14:45 BC: It's always... So if you are now effectively in the position of the landlord vis-a-vis your sub-tenant, so it's always a good idea to get a written agreement as to what the contractual obligations are. Now, the Residential Tenancies Act has very little, very few provisions about that, apart from the fact that you can't charge more rent. But for example, we talked before about a landlord that would have a no smoking rule. You'd wanna make sure that in your contract with your sub-tenant, you're repeating that rule, otherwise you will be violating your obligations to the landlord. You may also wanna put provisions in there that specify that the sub-tenant would pay for damage if any is caused, or that if the landlord subsequently comes back and alleges that the sub-tenant caused damage, that that's something that the sub-tenant will make the tenant whole for. It's much better to have it in writing, because that relationship is one that is much more contractual in nature than property in nature, and you wanna be able to prove to the small claims court, which is where there would be jurisdiction over this, if there's any dispute about what the obligations were.

15:55 MS: So what can you do if you get into trouble, if something goes wrong with your sub-tenancy and so on, where do you go to kind of seek help with these sorts of issues?

16:05 BC: So one of the difficulties with the sub-tenant is that the Landlord Tenant Board itself doesn't have jurisdiction over sub-tenancies. So if you need a legal remedy as against the sub-tenant, you're ultimately going off to the small claims court. That said, you'd wanna find some legal advice, and legal clinics, including Queen's Legal Aid, would be happy to assist in some of those disputes, just to help explain what your rights are, and what your remedies from there are, if something has gone wrong.
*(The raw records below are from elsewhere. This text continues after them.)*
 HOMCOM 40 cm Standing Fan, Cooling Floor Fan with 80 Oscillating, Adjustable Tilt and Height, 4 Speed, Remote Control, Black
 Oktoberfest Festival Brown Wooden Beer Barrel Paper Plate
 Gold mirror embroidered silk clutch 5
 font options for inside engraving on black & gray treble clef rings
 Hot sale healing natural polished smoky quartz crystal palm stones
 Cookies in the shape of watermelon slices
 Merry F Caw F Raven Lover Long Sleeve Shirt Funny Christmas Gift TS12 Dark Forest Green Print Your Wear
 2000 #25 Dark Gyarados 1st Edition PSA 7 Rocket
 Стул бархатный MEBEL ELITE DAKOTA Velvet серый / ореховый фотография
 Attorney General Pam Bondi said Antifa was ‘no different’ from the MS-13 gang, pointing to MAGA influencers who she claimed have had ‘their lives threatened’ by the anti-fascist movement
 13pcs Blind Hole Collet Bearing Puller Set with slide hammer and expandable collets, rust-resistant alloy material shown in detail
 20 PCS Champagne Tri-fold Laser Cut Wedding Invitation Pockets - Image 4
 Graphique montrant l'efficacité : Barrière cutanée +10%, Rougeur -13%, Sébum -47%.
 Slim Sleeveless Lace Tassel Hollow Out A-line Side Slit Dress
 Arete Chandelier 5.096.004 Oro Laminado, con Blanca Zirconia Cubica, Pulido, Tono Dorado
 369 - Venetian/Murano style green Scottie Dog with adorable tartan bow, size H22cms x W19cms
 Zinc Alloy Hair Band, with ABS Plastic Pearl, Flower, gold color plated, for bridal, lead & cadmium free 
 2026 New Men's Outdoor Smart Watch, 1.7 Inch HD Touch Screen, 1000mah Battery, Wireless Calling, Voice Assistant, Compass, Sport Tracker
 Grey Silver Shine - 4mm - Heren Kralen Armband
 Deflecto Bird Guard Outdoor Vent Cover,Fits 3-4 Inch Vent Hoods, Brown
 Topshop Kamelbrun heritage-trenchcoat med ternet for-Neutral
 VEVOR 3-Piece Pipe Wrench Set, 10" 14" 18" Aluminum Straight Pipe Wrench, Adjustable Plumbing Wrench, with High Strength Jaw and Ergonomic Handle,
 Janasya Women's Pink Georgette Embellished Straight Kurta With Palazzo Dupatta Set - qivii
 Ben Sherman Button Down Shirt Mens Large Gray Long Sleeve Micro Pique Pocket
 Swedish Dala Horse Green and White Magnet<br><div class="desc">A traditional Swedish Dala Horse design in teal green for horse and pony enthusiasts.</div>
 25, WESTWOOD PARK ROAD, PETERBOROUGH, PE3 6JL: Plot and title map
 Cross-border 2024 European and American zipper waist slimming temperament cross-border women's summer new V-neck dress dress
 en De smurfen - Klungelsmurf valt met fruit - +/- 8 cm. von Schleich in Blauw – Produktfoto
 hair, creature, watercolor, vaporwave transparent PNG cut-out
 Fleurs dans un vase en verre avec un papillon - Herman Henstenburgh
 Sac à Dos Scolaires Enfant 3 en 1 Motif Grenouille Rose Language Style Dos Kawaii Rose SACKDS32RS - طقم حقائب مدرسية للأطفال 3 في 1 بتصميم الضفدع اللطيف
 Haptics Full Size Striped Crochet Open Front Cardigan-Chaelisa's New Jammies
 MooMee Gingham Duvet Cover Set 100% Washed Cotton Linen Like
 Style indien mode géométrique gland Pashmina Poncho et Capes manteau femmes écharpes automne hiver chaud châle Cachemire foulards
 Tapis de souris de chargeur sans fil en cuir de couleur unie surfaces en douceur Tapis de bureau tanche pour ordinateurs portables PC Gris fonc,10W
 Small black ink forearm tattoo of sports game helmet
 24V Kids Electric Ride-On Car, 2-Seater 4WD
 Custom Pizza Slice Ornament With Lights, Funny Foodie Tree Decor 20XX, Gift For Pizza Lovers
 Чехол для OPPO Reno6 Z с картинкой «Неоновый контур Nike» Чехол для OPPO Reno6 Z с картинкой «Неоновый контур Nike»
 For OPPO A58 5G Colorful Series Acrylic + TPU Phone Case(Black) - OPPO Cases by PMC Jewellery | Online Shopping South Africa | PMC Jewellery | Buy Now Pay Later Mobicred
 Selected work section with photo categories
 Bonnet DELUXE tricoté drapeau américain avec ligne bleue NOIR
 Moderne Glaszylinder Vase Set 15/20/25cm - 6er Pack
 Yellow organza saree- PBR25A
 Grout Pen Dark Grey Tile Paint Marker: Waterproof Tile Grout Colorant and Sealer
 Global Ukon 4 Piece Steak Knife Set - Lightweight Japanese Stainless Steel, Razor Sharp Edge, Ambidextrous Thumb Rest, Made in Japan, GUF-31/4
16:38 MS: Excellent, and let's hope nothing does.

16:40 BC: Let's hope not.

16:41 MS: Thank you, Blair.

16:42 BC: You're very welcome.


Thanks to Blair Crew. Property law, including landlords and leases, is part of our "sampler tray" of Canadian Law, Law 201/701, Introduction to Canadian Law. You can learn more about it at

Fundamentals of Canadian Law is recorded at Queen's University, situated on traditional Anishinaabe and Haudenosaunee territory. Our theme music is by Megan Hamilton, who is also a staff member here at Queen's Law! You can find out more about her music at Original illustrations for this podcast are by Valerie Desrochers. You can find her work at

Thanks for listening.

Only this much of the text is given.